Новая сцена и новая драма
Шрифт:
Опять мы сталкиваемся с попыткой доказать необходимость модернистской реформы из неэкономических оснований. Но и она исключения из общего правила не составляет: и в данном случае идеологическая «надстройка» находит свою «материальную подпочву». Обратимся за справкой к нашему проводнику по лабиринту модернистской идеологии. И он, ссылаясь на авторитет проф. Дёрпфельда, сообщит нам, что, наряду с вышеуказанными преимуществами, переустройство театра на греческий образец даст еще следующий плюс: благодаря ему увеличится число мест для зрителей. «Взамен партерных мест, позволяющих смотреть на актера почти исключительно снизу, взамен немногих лож, мы получили бы массу хороших мест в восходящем постепенно кругами, так называемом амфитеатре, и на нескольких, в свою очередь, постепенно восходящих галереях». А увеличение числа мест в зрительной зале ведет к понижению цены на них. «При большем числе мест цена за вход, этот важный пункт в организации народных театров, могла бы быть значительно уменьшена.»

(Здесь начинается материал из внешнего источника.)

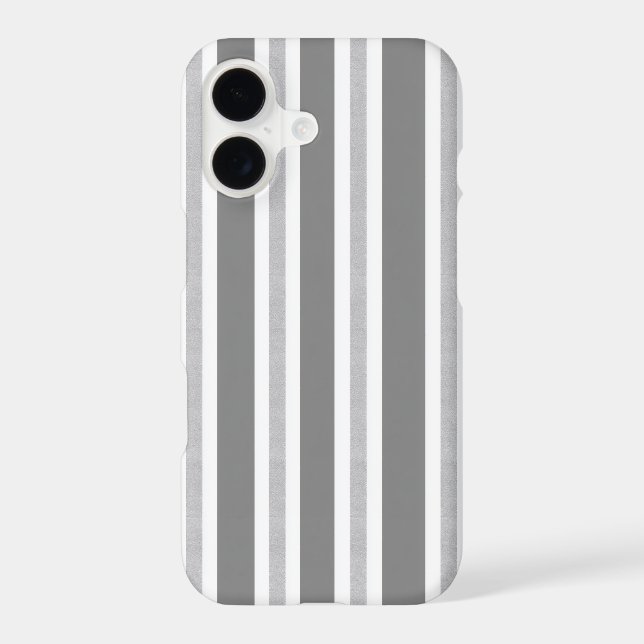 Minimalist Grey White Vertical Stripes Pattern iPhone Case (Back)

Одним словом, доказываются выгоды удешевления производства. Правда, Дёрпфельд и Савиц до конца не договаривают; но недоговоренное ими подразумевается само собою: увеличение числа мест, делая возможным понижение цен входных билетов, в конечном итоге, повышает общую прибыль театральных предприятий. Вот summa ratio, вдохновляющая реформаторов модернистов. И вот истинная подоплека столь часто практикуемого модернистами заигрывания с понятием «народный театр». Когда буржуазные экономисты с большим пафосом заявляют: такие-то промышленные предприятия должны обслуживать интересы народного потребления, такая-то фабрика может считаться «народным делом», – мы хорошо знаем ценность подобных реплик. Речь идет не о чем ином, как об обогащении предпринимательского кошелька на счет более или менее широких народных масс. Тожественный смысл имеют и соответствующие модернистские декларации. Искусство должно быть народным – это положение, в устах реорганизаторов театра, является просто-напросто указанием на известный источник новых доходов для театральной кассы.

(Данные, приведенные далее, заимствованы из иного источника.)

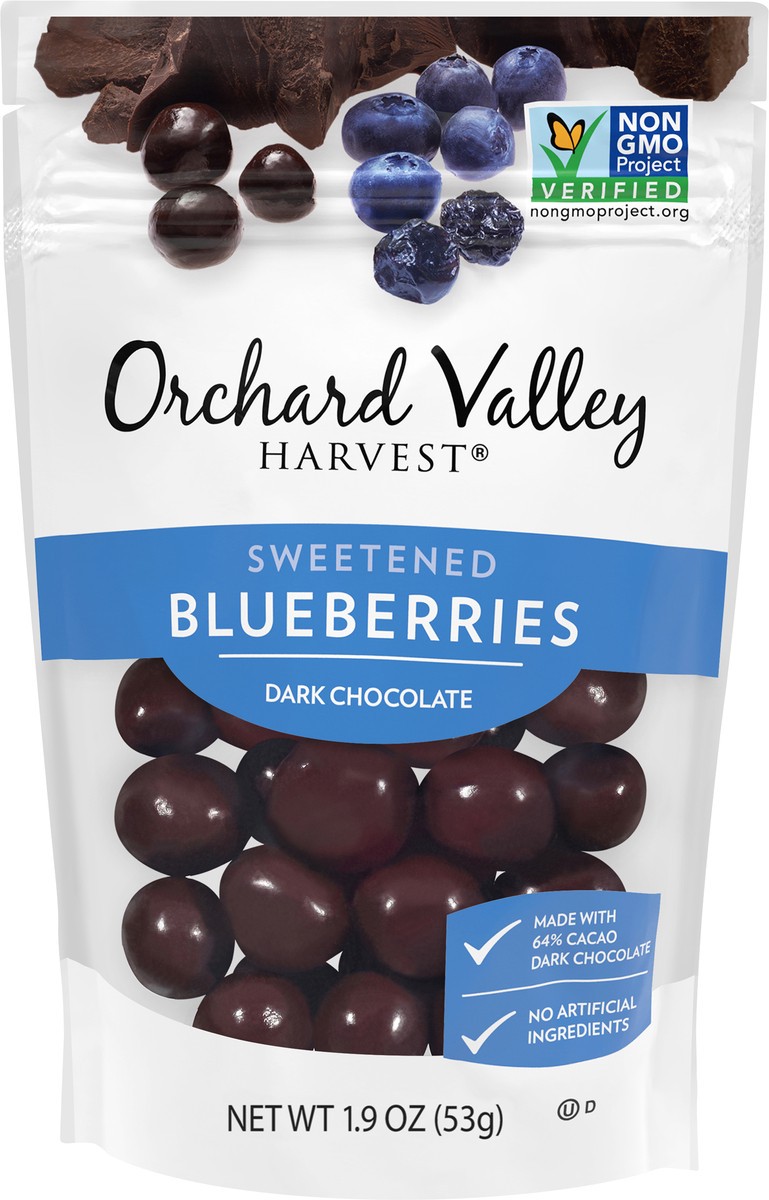 slide 10 of 11, Orchard Valley Harvest Sweetened Dark Chocolate Blueberries 1.9 oz, 1.9 oz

Menschliches-allzu menschliches! На сцену возвращается «человек», к которому с превеликим пренебрежением отнесся «натурализм». Он возвращается победителем: чтобы утвердиться на сцене, он должен выдержать борьбу с могущественным врагом – «обстановкой», некогда вытеснившим его. Обстановка дарила зрителям лишь «чувственные возбуждения»: теперь царству чувственного в театре приходит конец, наступает царство «духа». Драма «обращается не к чувству, а к духу. Das Schauspiel wendet sich nicht an die Sinne, sondern an Gemüt und Geist»… Под поэтической, абстрактной формой всех модернистских рассуждений в подобном жанре скрывается, как мы выясняли, далеко не поэтическое и далеко не абстрактное содержание. Великолепный культ «человеческой личности» оказывается, на проверку, поклонением «золотому тельцу». Романтические построения предполагают самый плоский, торгашеский «реализм».
II
Не «бытие» определяется «сознанием», а сознание – бытием. Не драматическое произведение создает сцену, а сцена – драматическое произведение. Не драматург, свободно гуляющий по садам фантазии, предписывает театру технические законы, распоряжается «обстановкой», а машины и декорации обусловливают характер его поэтических «прогулок», диктуют правила искусству Мельпомены и Талии. Сколь это ни заставляет страдать самолюбие поэта, «равного богам» и сколь ни стараются модернистские теоретики и пророки избавить его от великого унижения, – факт остается фактом: заведующий технической частью декоратор, машинист в организации театрального предприятия занимают слишком важные посты и стушеваться перед ним, доблестным сыном муз, никак не могут.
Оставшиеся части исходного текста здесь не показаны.